# Muskie Jigs n Spinnerbaits



## Fishingislife (May 20, 2004)

Anyone make Muskie jigs and or spinnerbaits on here? Looking to buy some. I rather support a OGF member then buy from a tackle shop.....


----------



## ironman172 (Apr 12, 2009)

Fishingislife said:


> Anyone make Muskie jigs and or spinnerbaits on here? Looking to buy some. I rather support a OGF member then buy from a tackle shop.....
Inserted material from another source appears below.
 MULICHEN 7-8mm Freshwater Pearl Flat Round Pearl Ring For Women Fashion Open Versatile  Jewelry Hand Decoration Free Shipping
just curious what a muskie jig would look like??  I make some for the ocean fish....but not sure about a muskie....I know what spinner baits to use and in lines ....maybe i have something i could use this spring here for the muskie's I have been neglecting in the basement 

did some searching on the net so I have a good idea now....thanks for the post and raising my curiosity up ....will have to try some in the spring


----------



## fishing_marshall (Jun 12, 2004)

Bulldawg on here makes some very nice musky spinnerbaits. I had action on them at leesville and piedmont this past year.


----------



## ranger373v (Oct 26, 2012)

what size spinner bait? my momma has caught a few on a lil 1/4 ouncer at caesar creek 3 times this year!!! bass fishin!


----------



## Fishingislife (May 20, 2004)

fishing_marshall said:


> Bulldawg on here makes some very nice musky spinnerbaits. I had action on them at leesville and piedmont this past year.




Yes I am aware of Bulldawg making them, he has not gotten back to me.


----------



## leeabu (Apr 10, 2004)

PM me with what you are looking for. I custom make to order spinnerbaits.


----------